Banking Inquiry 'to be abandoned' if report is queried
Fears that final report is 'less balanced' than draft
The Banking Inquiry is likely be abandoned completely if serious concerns are raised about the final report which was sent to interested parties last week.
The Sunday Independent understands committee members discussed entirely abandoning the embattled inquiry into the collapse of the Irish economy during a heated meeting before signing off on the final report. At the meeting in Leinster House, the committee's legal team warned that the final report was "almost worse" than the draft version which caused dissent within the inquiry.
Lawyers are believed to have a given a "brutal" frank assessment of the final report, which they said was less balanced than the first draft. However, legal changes were made to reduce the chances of those named in the report launching court actions to have elements of the findings removed.
Despite the warnings, committee members voted to sign off on the report and sent it to those mentioned in the findings. "The decision was taken to put it out as a form of external quality assurance and if it comes back with a tonne of stuff, we will have to drop it," a committee source said.
The first 750-page report was rejected by committee members and it was decided that a 'finalisation team' would perform an overhaul of the document. "The rescue attempt didn't work, the lawyers told us, but we decided put it out anyway," another committee source said.

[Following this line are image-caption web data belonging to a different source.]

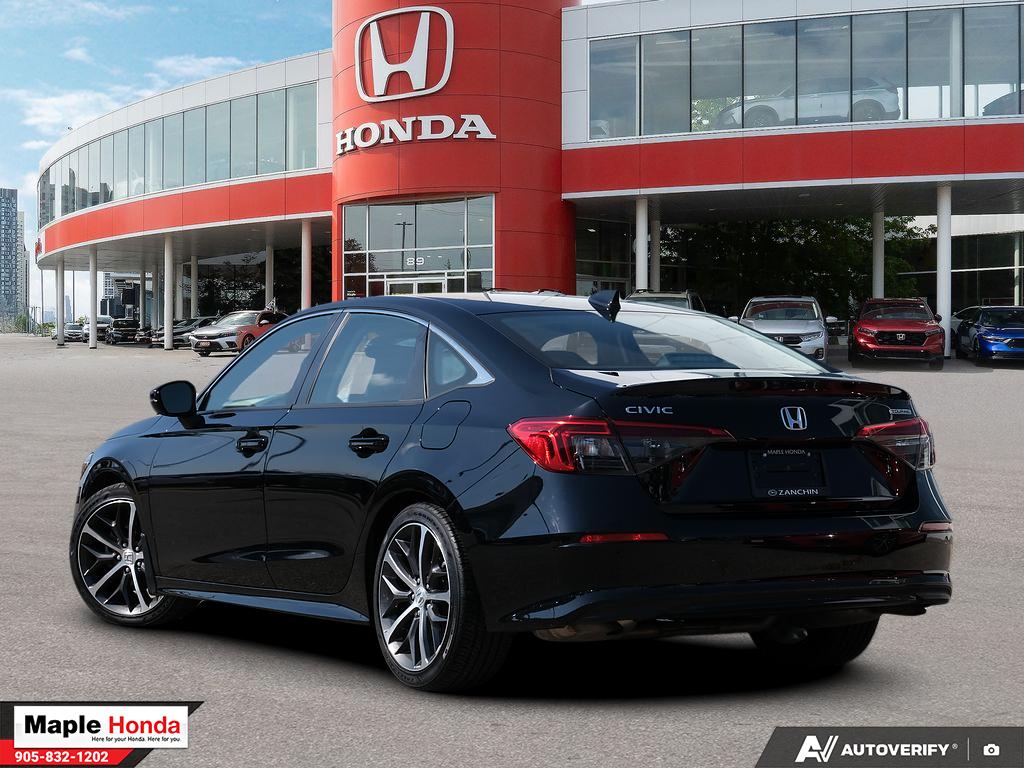 2023 Honda Civic Touring — rear three-quarter view
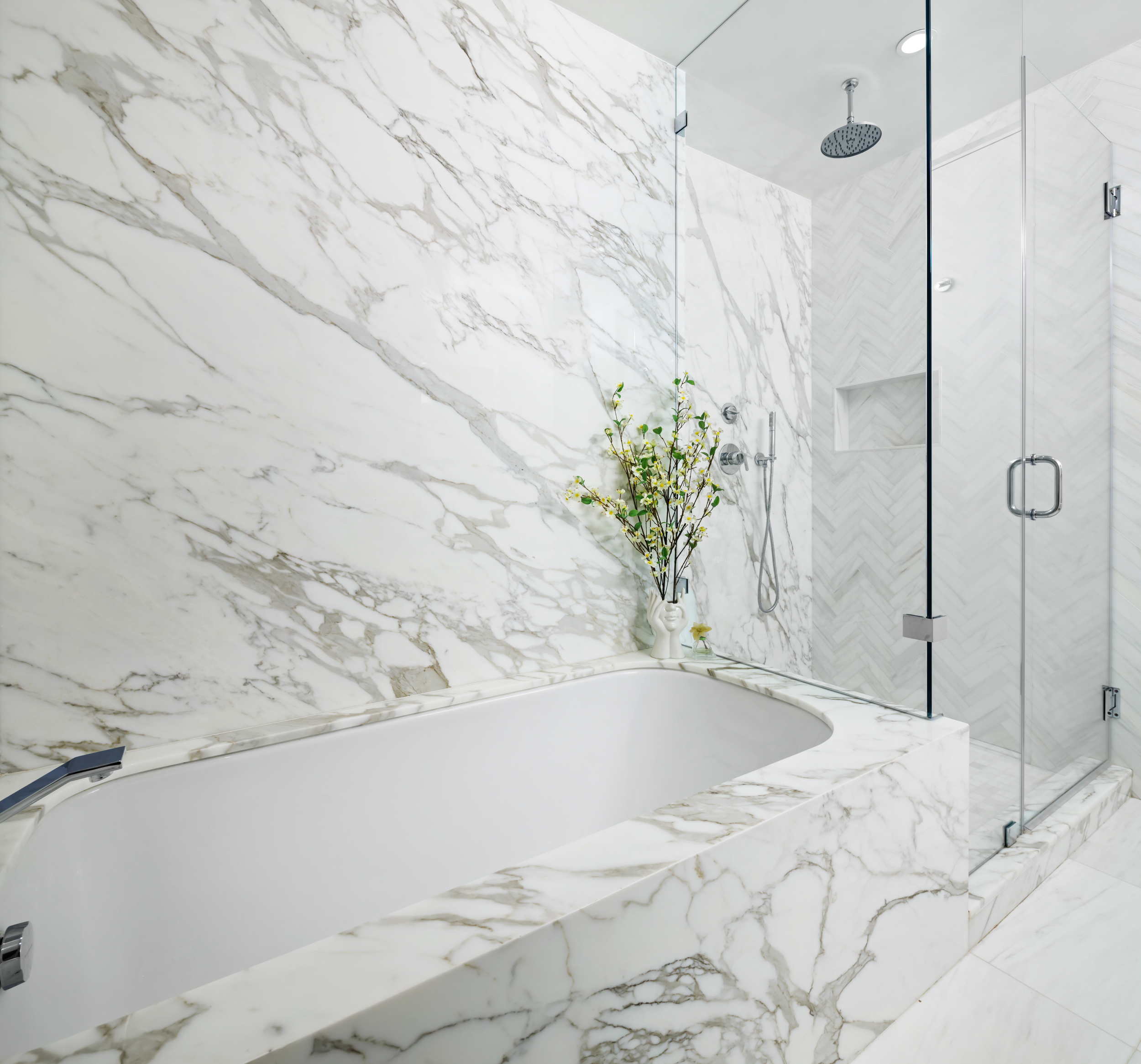 471 Washington Street, Unit 1B Manhattan, NY 10013 - Photo 12 of 16 a white bath tub sitting in a bathroom and shower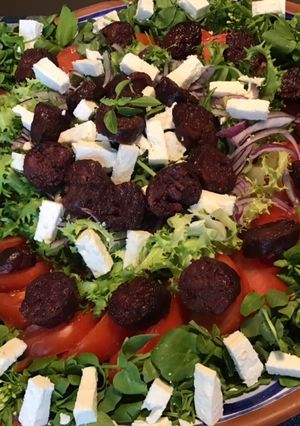 Une photo de Trio de salades (frisée,roquette,cresson) tomate,oignon rouge et chorizo noir à la feta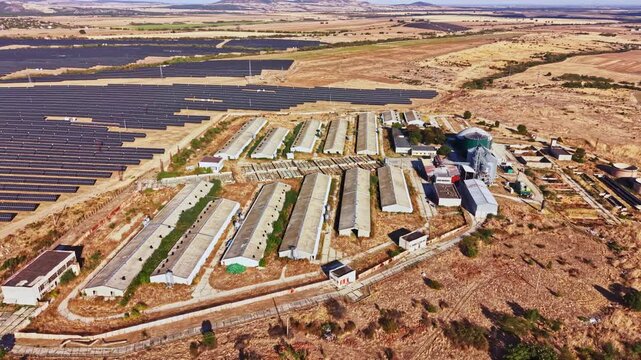 Aerial view of a solar farm next to agricultural buildings in a dry area. There are rows of solar panels alongside a series of structures. The land is mostly clear with some patches of vegetation.
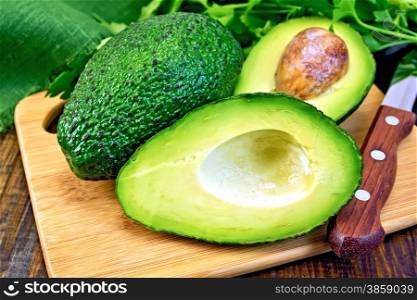 One whole and one cut in half avocado, knife, parsley, napkin on a wooden boards background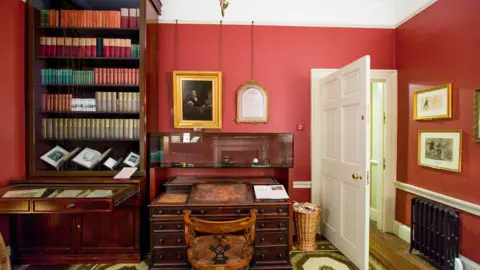 Newangle Copyright, Charles Dickens Museum A study, with red walls and dark brown furniture, including a desk and book case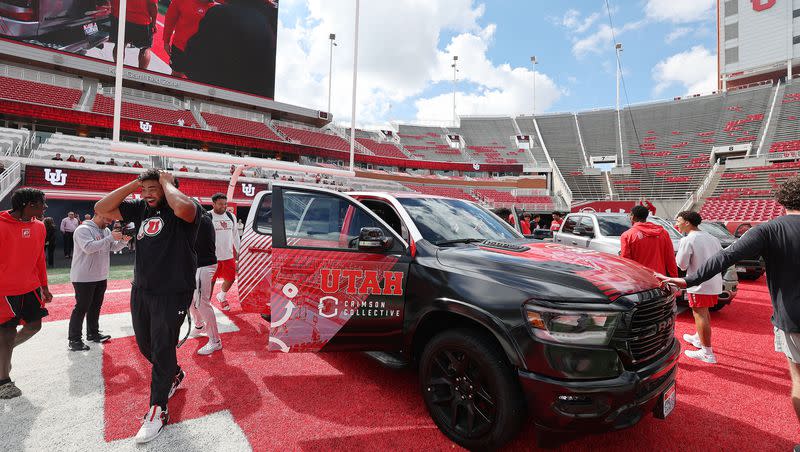 Utah Utes football players look over trucks given to them from the Crimson Collective at Rice-Eccles Stadium in Salt Lake City on Oct. 4, 2023.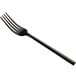 An Acopa Phoenix stainless steel dinner fork with a black handle.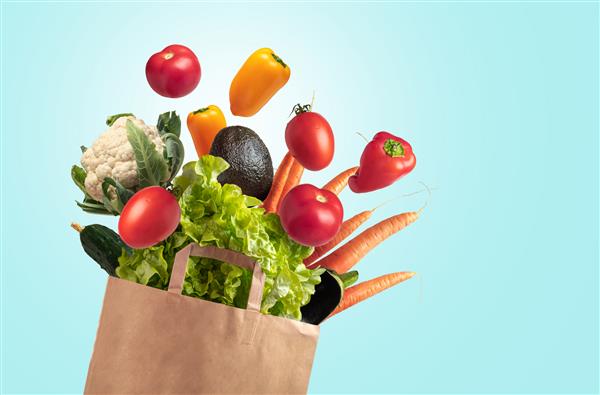 کیسه قابل بازیافت سبزیجات تازه در پس زمینه آبی آسمان تابستان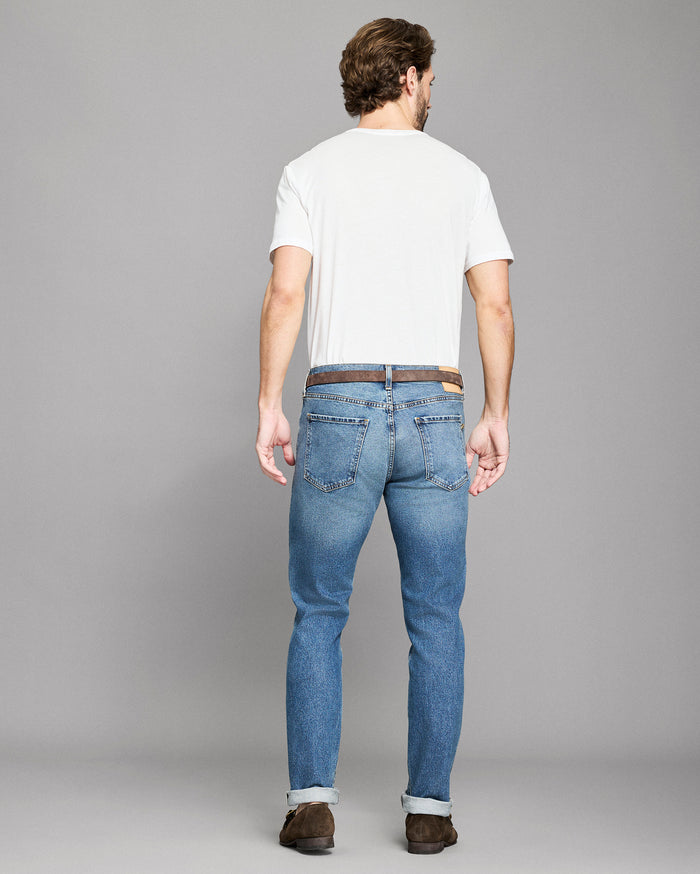 Man wearing blue jeans and a white t-shirt on a gray background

"In trimming down the report, we have gotten rid of a lot content and the lawyers said it wasn't clear why we did that and that it makes it a less accurate portrayal of what actually happened in the inquiry," the source added.
The report was sent electronically to all those named in it and those who came before the hearings over the last year. There is a December 28 deadline to respond to the inquiry with changes or submissions. If the changes are significant or if there are legal challenges, it is believed the committee will not have time to meet its own deadline to publish on January 27.
One of the only people understood to be mentioned in the report who could not be reached was controversial former IMF chief Dominique Strauss-Kahn. Sources said the investigation team could not get in contact with Mr Strauss-Kahn or find an address to send the report to.
Meanwhile, Fianna Fail senator and committee member Marc MacSharry has insisted the Houses of the Oireachtas Service should apologise to a whistleblower who made serious allegations about the committee's work during the summer. The whistleblower's claims of improper conduct were dismissed by barrister Senan Allen who carried out a review of the allegations.
Mr Allen published a 140-page report which found none of the allegations raised were well-founded.
However, the whistleblower wrote back to the committee calling for the barrister's report to be withdrawn. Mr MacSharry said he will also be calling on the Oireachtas to withdraw Mr Allen's report.
He said he will also ask the Comptroller and Auditor General this week to investigate the Banking Inquiry allegations along with his review of fresh claims from a Central Bank whistleblower.
The Banking Inquiry whistleblower raised concerns about evidence given to the inquiry by the Central Bank.
The Central Bank whistleblower claims they were sacked after raising concerns about being asked to change an audit. The Central Bank denies acting inappropriately.